→ WHAT IS BEING ASKED: The listing below is to be written out word for word, minus its images.

→ GIVEN ENTRIES:
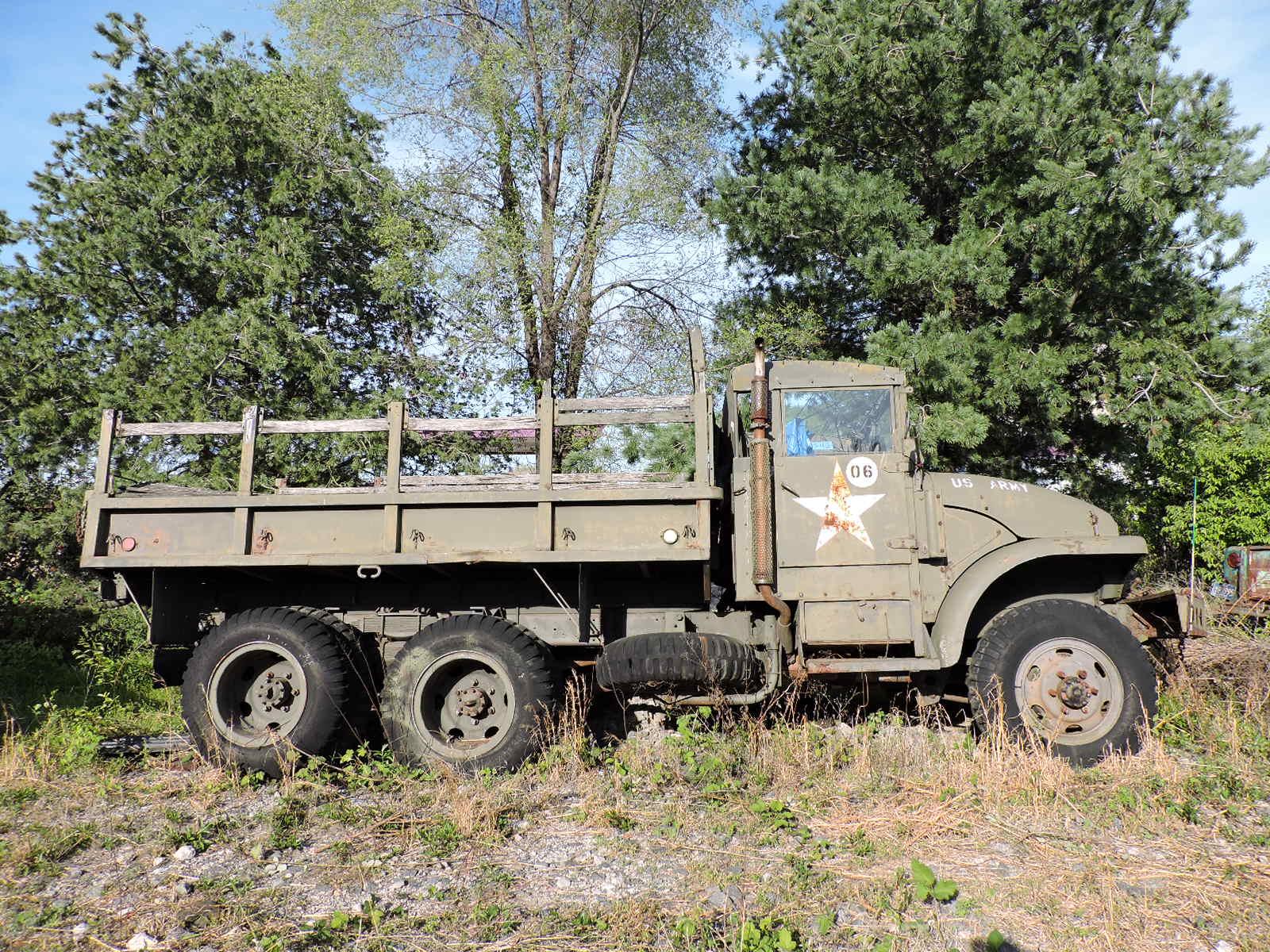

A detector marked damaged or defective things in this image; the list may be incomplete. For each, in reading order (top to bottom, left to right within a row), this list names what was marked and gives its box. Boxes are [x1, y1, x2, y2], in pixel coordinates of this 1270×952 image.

rusty star marking [792, 462, 883, 551]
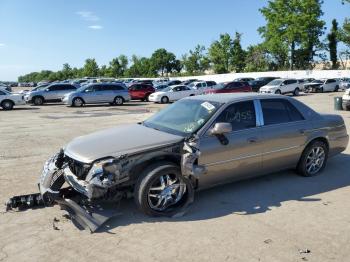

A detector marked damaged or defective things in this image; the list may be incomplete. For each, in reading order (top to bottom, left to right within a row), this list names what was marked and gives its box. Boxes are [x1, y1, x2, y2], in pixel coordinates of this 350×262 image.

crumpled front hood [64, 123, 183, 164]
broken headlight [86, 158, 121, 186]
front fender damage [6, 137, 205, 231]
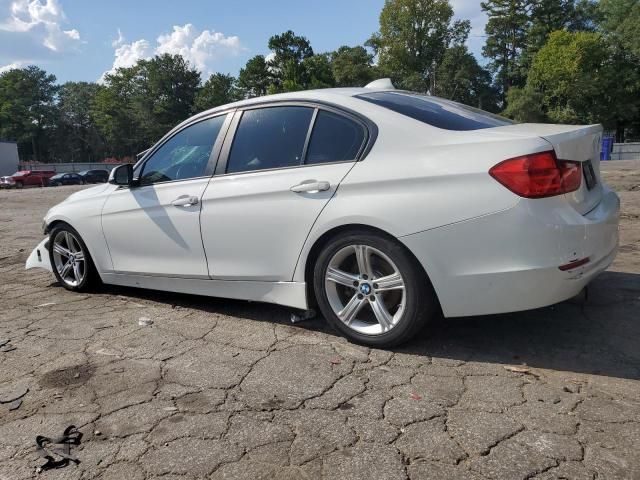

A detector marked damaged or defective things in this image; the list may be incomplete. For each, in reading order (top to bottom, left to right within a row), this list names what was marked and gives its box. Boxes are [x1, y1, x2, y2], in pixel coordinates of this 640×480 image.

damaged front bumper [25, 238, 52, 272]
cracked asphalt pavement [1, 162, 640, 480]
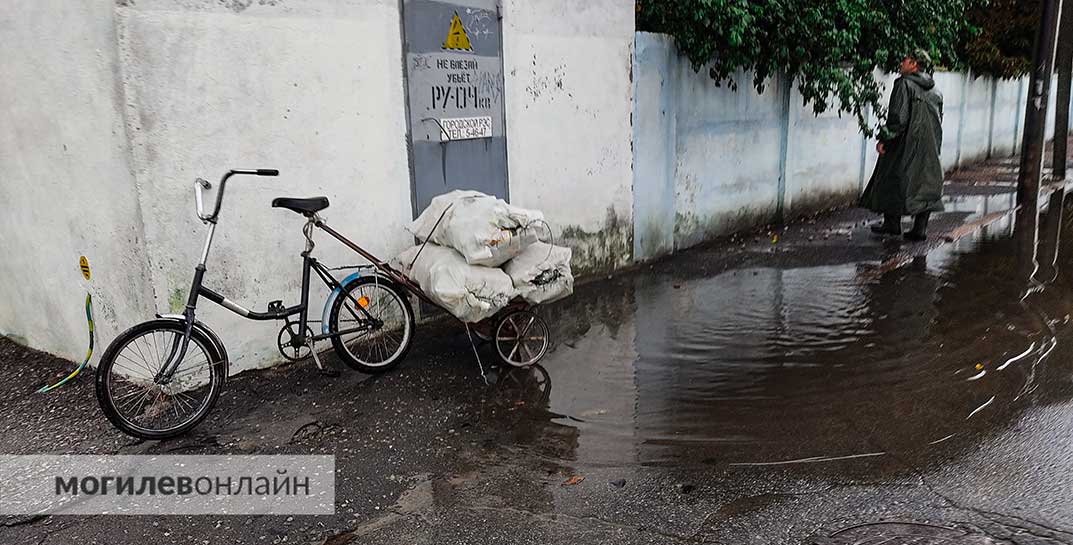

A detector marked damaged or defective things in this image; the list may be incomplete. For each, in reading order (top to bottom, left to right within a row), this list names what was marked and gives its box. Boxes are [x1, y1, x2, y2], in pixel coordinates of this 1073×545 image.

cracked asphalt [2, 154, 1072, 544]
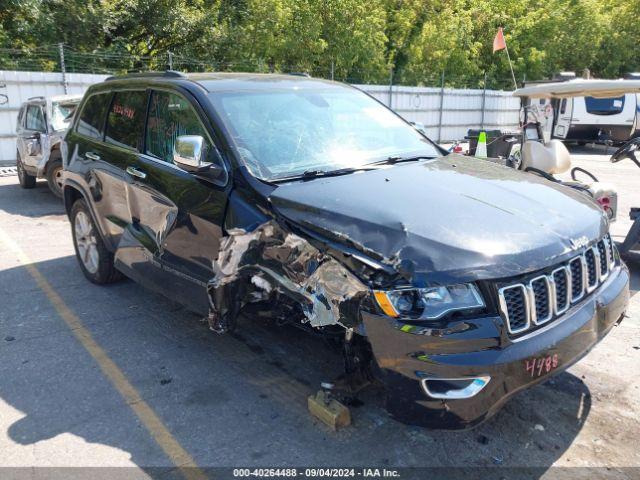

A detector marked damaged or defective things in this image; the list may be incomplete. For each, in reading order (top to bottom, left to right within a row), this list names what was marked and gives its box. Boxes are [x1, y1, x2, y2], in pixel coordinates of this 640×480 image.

crumpled hood [268, 154, 608, 284]
shattered plastic debris [209, 220, 368, 330]
broken headlight [372, 284, 482, 320]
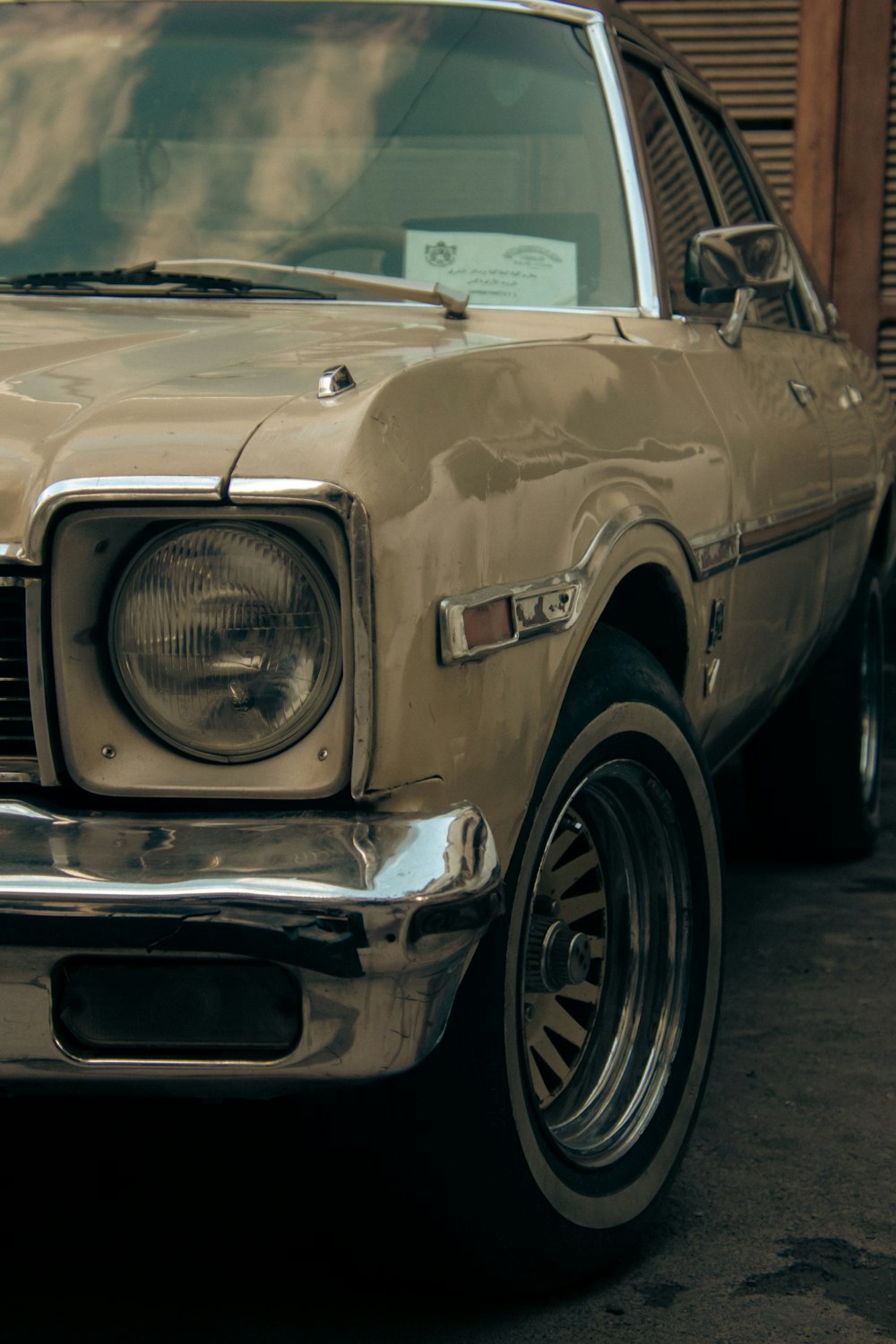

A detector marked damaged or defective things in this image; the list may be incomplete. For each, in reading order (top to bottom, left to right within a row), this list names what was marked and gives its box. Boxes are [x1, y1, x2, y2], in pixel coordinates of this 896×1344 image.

chrome bumper dent [0, 801, 502, 1086]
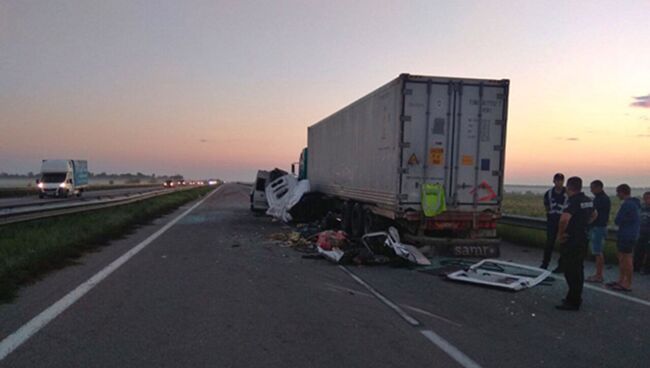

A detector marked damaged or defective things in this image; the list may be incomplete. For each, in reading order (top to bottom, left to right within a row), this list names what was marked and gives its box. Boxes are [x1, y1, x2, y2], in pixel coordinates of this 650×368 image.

→ WRITTEN SOLUTION:
A detector marked damaged or defective things in this image; the list may be incomplete. For each, in reading order (top to bottom, left to right within a row), this list names what was marked and gives its box. Boxes are [x1, y1, x2, y2], in pixel coordinates of this 1270×952 image.

rusty star marking [792, 462, 883, 551]

A detector marked damaged or defective things in this image; the list may be incomplete. For each, in reading order (top to bottom, left to right within a row), this list names what was marked and gives its box. Boxes are [x1, y1, x2, y2], in pixel coordinates of this 350×262 image.

crumpled front hood [64, 123, 183, 164]
broken headlight [86, 158, 121, 186]
front fender damage [6, 137, 205, 231]

A detector marked damaged or defective things in this image; the list may be incomplete. For each, in reading order (top to bottom, left to right within a row), this list names what was marked and gives its box. Boxes are [x1, y1, x2, y2], in pixel coordinates of this 640×480 image.

damaged front bumper [25, 238, 52, 272]
cracked asphalt pavement [1, 162, 640, 480]

A detector marked damaged or defective things in this image; the list may be incomplete. For each, in reading order (top to bottom, left to right within a row), this list names what was marked and gives its box. Boxes are [x1, y1, x2, y2], in pixel coordinates of this 1073×545 image.

cracked asphalt [2, 154, 1072, 544]

A detector marked damaged or defective things in this image; the list may be incomplete. For each, in reading order (top to bottom, left to right within a row), this list names what was marked and gives its box. Boxes are [x1, y1, x2, y2], in pixel coordinates of this 640×480 image.

crumpled hood [268, 154, 608, 284]
shattered plastic debris [209, 220, 368, 330]
broken headlight [372, 284, 482, 320]

A detector marked damaged or defective things in this image; the list may be incomplete. For each, in reading order (top to bottom, left to right within a row), this list names what was marked and gives its box. Boxes are [x1, y1, x2, y2], in pixel coordinates of this 896×1344 image.

chrome bumper dent [0, 801, 502, 1086]

A detector marked damaged or defective things in this image; the list may be incomplete. For each, in reading order (top to bottom, left to right within a row), this list names what was marked and gives its box. Boxes are [x1, y1, x2, y2], in pixel coordinates of this 650×368 image.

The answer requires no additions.